Innovative research led by renowned IUCN grizzly bear biologist Dr. Lana Ciarniello

Field work for staff, scientists, and veterinarians on the ground to ensure the young bears are safe on their journey back to the wild

Helicopter time to reach remote, safe and productive habitats to give young bears the best chance of surviving life in the wild

State-of-the-art GPS/VHF collars fitted to each bear including redundant drop off systems to ensure their safety. The data gathered provides valuable information that will help future rewilding efforts

Advocacy for this innovative and world-leading work to encourage other provinces and states to support rewilding efforts and end the lethal removal of orphaned cubs

Raising awareness and inspiring action for conservation through storytelling. Sharing individual stories of how and why these cubs were orphaned, helps foster understanding and support for rewilding work and grizzly bear coexistence

100% of your donation will go towards our Project Rewild research and advocacy efforts to ensure orphaned grizzly bear cubs get a second chance at life in the wild.  


When a grizzly mother is tragically killed, their cubs are either lethally removed, sent to zoos, or abandoned with little chance of survival on their own. The loss of grizzlies is both a welfare issue and an ecological issue. Removing a grizzly bear mother and her cubs from the landscape is a significant loss to the population and the ecosystem. Grizzly bears are keystone species – they play a critical role in maintaining the structure and biodiversity of ecosystems. They also have one of the slowest reproductive rates of any mammal in North America, with mature females having only 2-3 cubs every 3-4 years.     

The results of this research will be used to inform and update policies regarding the fate of orphaned grizzly cubs and best practices for rewilding efforts in Canada and the United States.



From the Field: Project Rewild Returns from Bella Coola




 Arthur, Raven, Isa, and Cedar, four orphaned grizzly bear cubs, were successfully returned to their wild home near Bella Coola, B.C. Dr. Lana Ciarniello is monitoring their movements and habitat use with the help of GPS collars.
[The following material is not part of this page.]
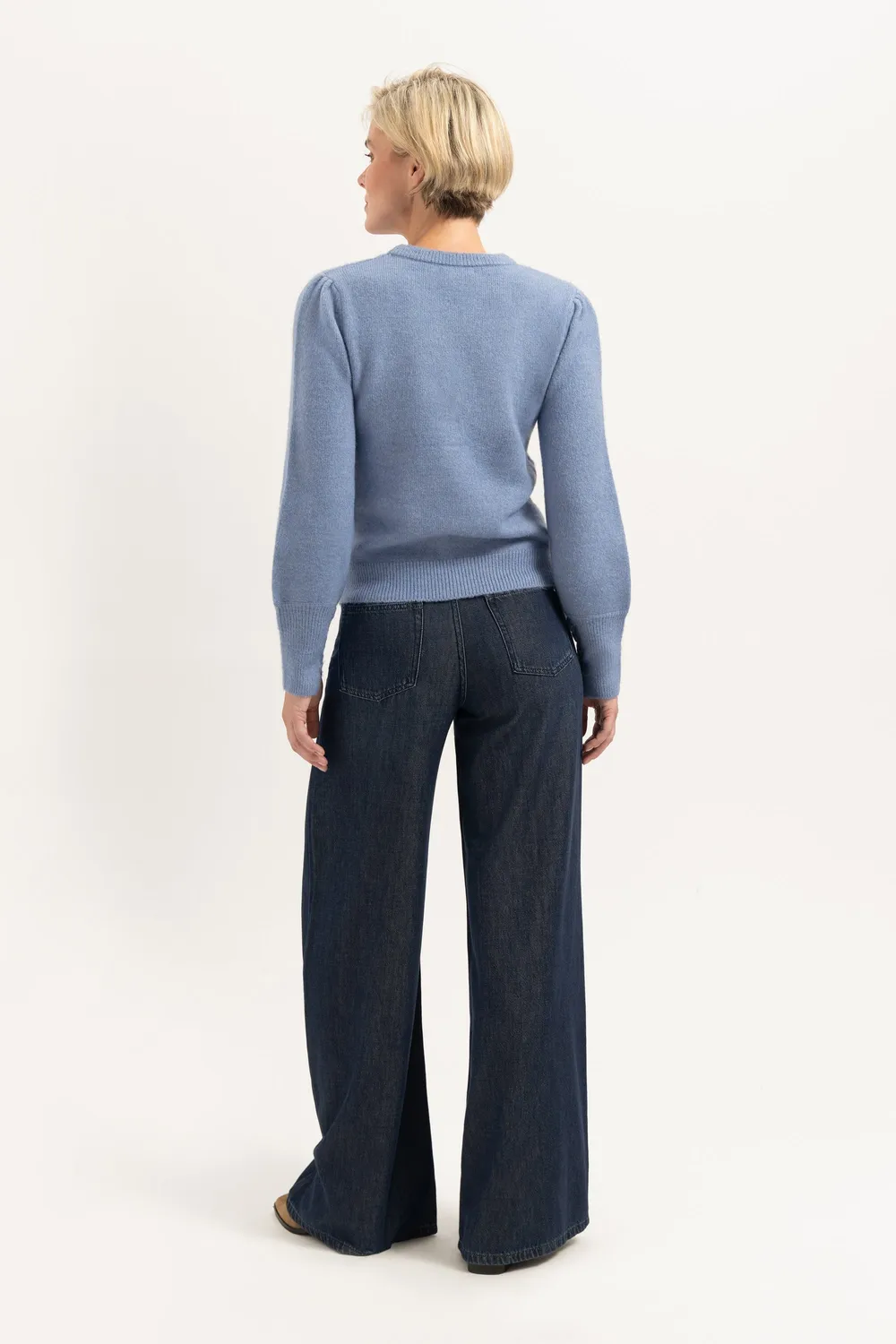 Florez Liv Wide leg jeans Indigo Blue loose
Two six-month old male grizzly cubs were tragically orphaned near Vanderhoof, B.C. Thanks to the rescue efforts of the Northern Lights Wildlife Society, the cubs are now being cared for at the shelter in Smithers, BC. 



Grizzly Bear Foundation returns from an unforgettable adventure near Bella Coola in the heart of the Great Bear Rainforest. The area we visited is now home to four orphaned grizzly cubs rescued in the fall of 2020 and released Spring 2021.
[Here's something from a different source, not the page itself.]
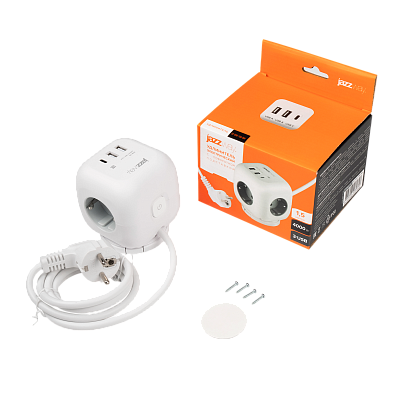 Удлинитель JAZZway EC-03U-150-wh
Currently, Rollo, Ragnar, Oso, Kare, and Sigrid are being cared for at the Northern Lights Wildlife Shelter in Smithers, BC. These four males and one female from three different family groups will be rewilded Spring 2022.
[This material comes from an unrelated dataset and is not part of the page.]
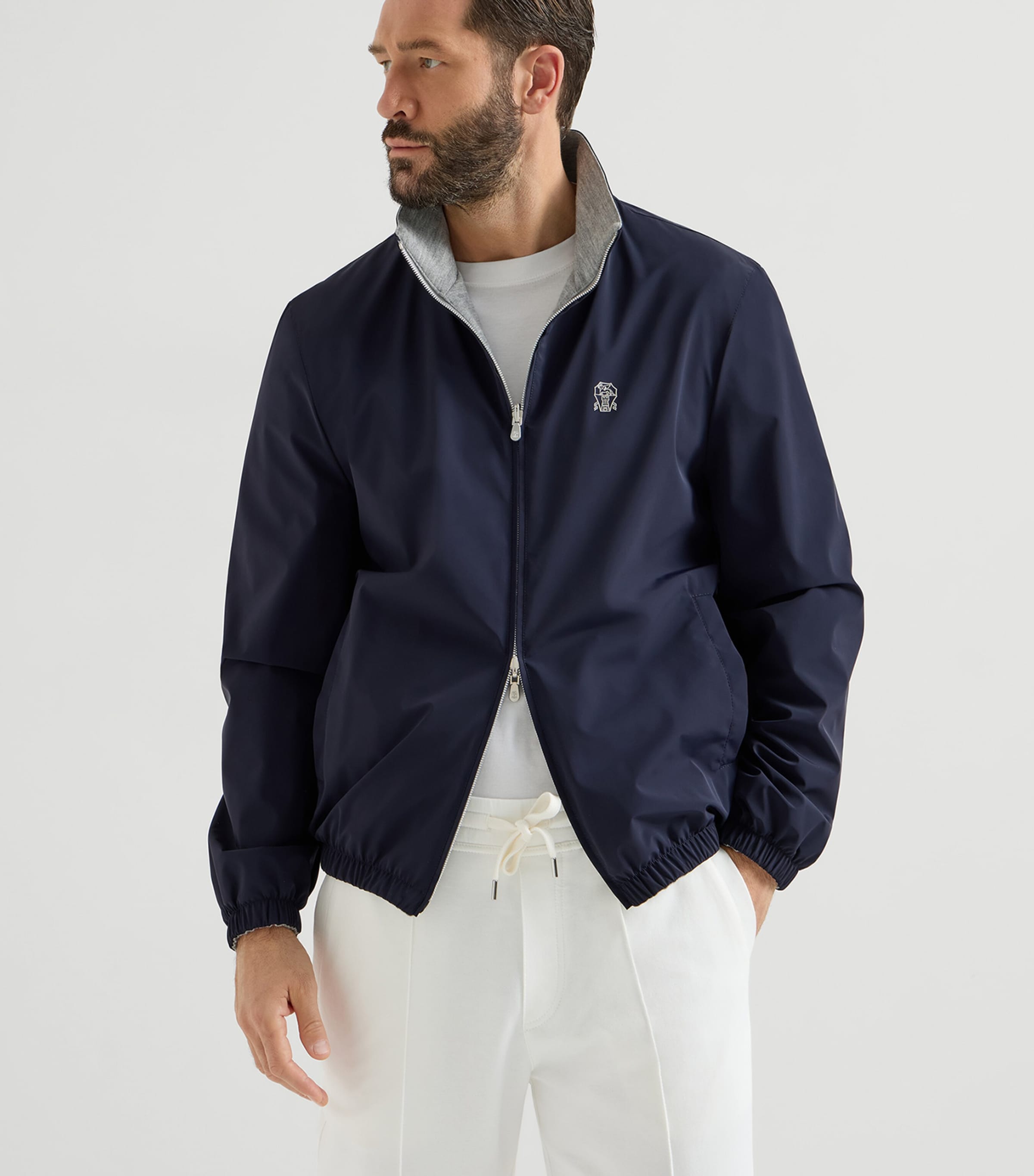 Reversible Logo Jacket CKM43 Image 3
Northern Lights Wildlife Society (NLWS) is the only wildlife shelter in North America permitted to raise and release orphaned grizzly bear cubs, and they hold extensive expertise. Over 30 grizzly bears have been rescued and released by NLWS. As a partner in this study, NLWS cares for the orphaned cubs for one year prior to their release, providing food, shelter, medical care, and lots of love. Peter and his passionate and dedicated team work incredibly hard to give wildlife a second chance at life in the wild. 

Biologists and veterinarians from the BC Ministry of Forests, Lands, Natural Resource Operations and Rural Development: Wildlife Branch provide guidance and support for this project and oversee the cubs' handling and welfare. As well, Ministry of Environment: Conservation Officers manage the capture and release of the cubs.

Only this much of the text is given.